Check potential bugs in compressed_files.py in lasse-py when b=1 and 3 bits
Opened this issue · 2 comments
I tested it and worked in most cases. It is not working for n=1 and 3 in the code below:
#it works for n=2, 4, 5 and 6 and 7
but it does not work for n=1 and 3
n = 7 # Minimum number of bits to represent the numbers, n<8
x = randint(low=0, high=2**n, size=100, dtype=np.uint8)
compressed = compact_bytes(x, n)
filename = "compressed.bin"
compressed.tofile(filename)
uncompressed = decompact_bytes(compressed, n)
filename = "uncompressed.bin"
uncompressed.tofile(filename)
uncompressed2 = np.fromfile(filename, dtype=np.uint8, count=-1)
I had debugged this code and the problem seems to be in the logic to figure out the quantities of the numbers from original list.
def decompact_bytes(input_array, num_bits):
if num_bits >= 8:
raise ValueError("This function is meant to work with less than 8 bits!")
output_arr_len = (
len(input_array)
* 8 # Figure out how many numbers were on the original array, which should be the uncompressed output
) // num_bits
I quick example:
When we use 1 as the number of the bits, and the length of the compress array is 13, when this length is multiplied by 8 and divide by 1, the result of this evaluation is a number greater than 100. Remembering, the input array generated has length equal 100. So, the output array size won't be equal to the original.
(input_array * 8)/1 > 100
Naturally, the same problem occurs when num_bits
is equal 3, but the output length is smaller than the original.
For other cases, the result is close
to 100(with approximation we get the 100) or exactly 100.
@claudio966 That's right, I have encountered the same.
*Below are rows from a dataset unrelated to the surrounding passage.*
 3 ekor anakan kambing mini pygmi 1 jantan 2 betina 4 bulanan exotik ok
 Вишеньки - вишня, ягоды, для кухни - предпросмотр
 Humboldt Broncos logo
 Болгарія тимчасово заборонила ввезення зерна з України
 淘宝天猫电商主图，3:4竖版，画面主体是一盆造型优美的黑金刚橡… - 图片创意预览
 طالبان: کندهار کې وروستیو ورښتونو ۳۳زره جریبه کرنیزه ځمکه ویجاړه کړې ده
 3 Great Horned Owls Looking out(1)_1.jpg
I could reproduce the error for arrays with length N*lmc - 1
, where lcm is the least commom multiple of num_bits
and 8.
I could "fix" this problem by pre-calculating the error in that formula, saving it in the first byte of the array and using that info to correct the formula's output. Since this takes up more space I haven't made any pull request yet, but couldn't think of another way of consistently correcting the error.